• [EXERCISE DETAILS]:
Using the listing below, copy every line that mentions "iPhone".

• [SUPPLIED MATERIAL]:

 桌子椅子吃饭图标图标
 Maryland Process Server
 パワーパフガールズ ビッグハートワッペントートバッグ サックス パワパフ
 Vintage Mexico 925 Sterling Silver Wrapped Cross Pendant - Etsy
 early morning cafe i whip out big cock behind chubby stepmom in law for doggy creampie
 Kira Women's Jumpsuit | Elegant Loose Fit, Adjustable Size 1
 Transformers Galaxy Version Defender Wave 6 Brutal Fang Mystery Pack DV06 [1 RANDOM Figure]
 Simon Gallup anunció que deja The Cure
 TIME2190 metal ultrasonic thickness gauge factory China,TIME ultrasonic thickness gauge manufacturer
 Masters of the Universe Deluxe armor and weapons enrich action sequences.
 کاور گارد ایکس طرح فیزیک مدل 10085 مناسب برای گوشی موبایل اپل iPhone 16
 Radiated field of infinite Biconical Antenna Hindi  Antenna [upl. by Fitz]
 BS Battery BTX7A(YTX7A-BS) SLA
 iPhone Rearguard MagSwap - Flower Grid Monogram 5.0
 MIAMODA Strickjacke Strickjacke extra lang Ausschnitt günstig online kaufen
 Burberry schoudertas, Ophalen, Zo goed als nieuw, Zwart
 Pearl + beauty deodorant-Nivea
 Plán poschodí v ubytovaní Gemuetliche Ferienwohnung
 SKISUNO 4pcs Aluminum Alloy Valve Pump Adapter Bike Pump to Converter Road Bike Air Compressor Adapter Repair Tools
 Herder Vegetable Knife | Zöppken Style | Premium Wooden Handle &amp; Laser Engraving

• [ANSWER SECTION]:
 کاور گارد ایکس طرح فیزیک مدل 10085 مناسب برای گوشی موبایل اپل iPhone 16
 iPhone Rearguard MagSwap - Flower Grid Monogram 5.0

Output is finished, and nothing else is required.